While many people leave this world unsure of how they will be remembered, Celestine Labat passed away at the age of 104 knowing that her family history was preserved in a work of art. What she didn't know was that the artwork would find its way to the Smithsonian Institution.

At the age of 102, at a celebration the Hancock County Historical Society held in honor of her birthday, Labat (a native of Bay St. Louis, in Hancock County, Mississippi-) met the person who would create the artwork that would preserve her family's history.

Attending the ceremony that day was local artist Lori Gordon, who was charmed by Labat.

In 2001, the Hancock County Historical Society held a special ceremony to proclaim April 19, 2001 to be Celestine Labat Day. The Bay St. Louis native was honored for 101 years of residency in the city. It was at that ceremony that local artist Lori Gordon became enthralled by Labat's charm.

Gordon wanted to make Labat the subject of her artwork and had a friend arrange a meeting for her with Labat. Upon meeting Labat, Gordon found a relationship that exceeded her original artistic intentions.

"I called and asked her if we could get together for photos because I wanted to do drawings of her," Gordon said. "So I started visiting her on a regular basis, and she was a great storyteller, and she started telling me stories, and I knew that I had to preserve those stories."

Gordon was fascinated by Labat's stories of growing up as a woman of color in the Deep South in the early 1900s.

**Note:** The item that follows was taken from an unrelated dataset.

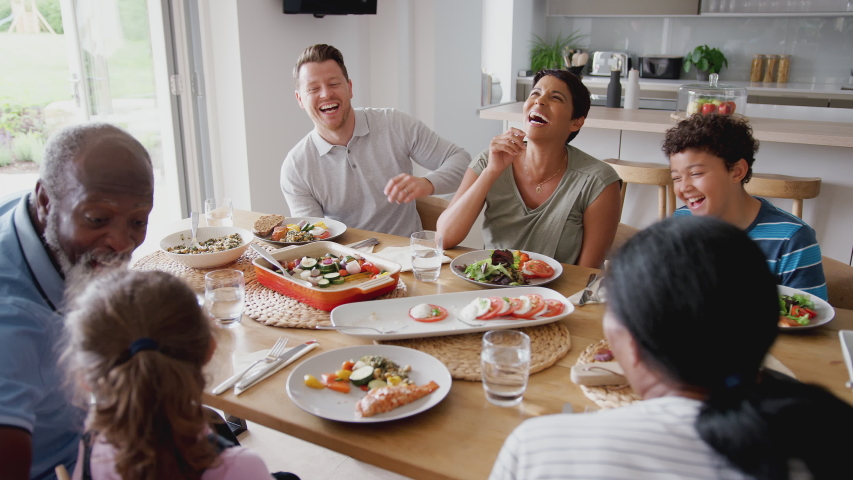 Multi-Generation Mixed Race Family Eating Meal Around Table At Home Together | Shutterstock HD Video #1035638111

Taping their conversations, Gordon captured more than 30 hours of Labat's oral history. Labat also shared family photographs with Gordon. Labat: A Creole Legacy incorporates roughly 250 of those photographs and 29 transcribed pages of Labat's oral history into a fabric collage. The photographs and text were scanned into a computer, manipulated through software, and printed onto specialty paper that could be transferred onto cotton cloth.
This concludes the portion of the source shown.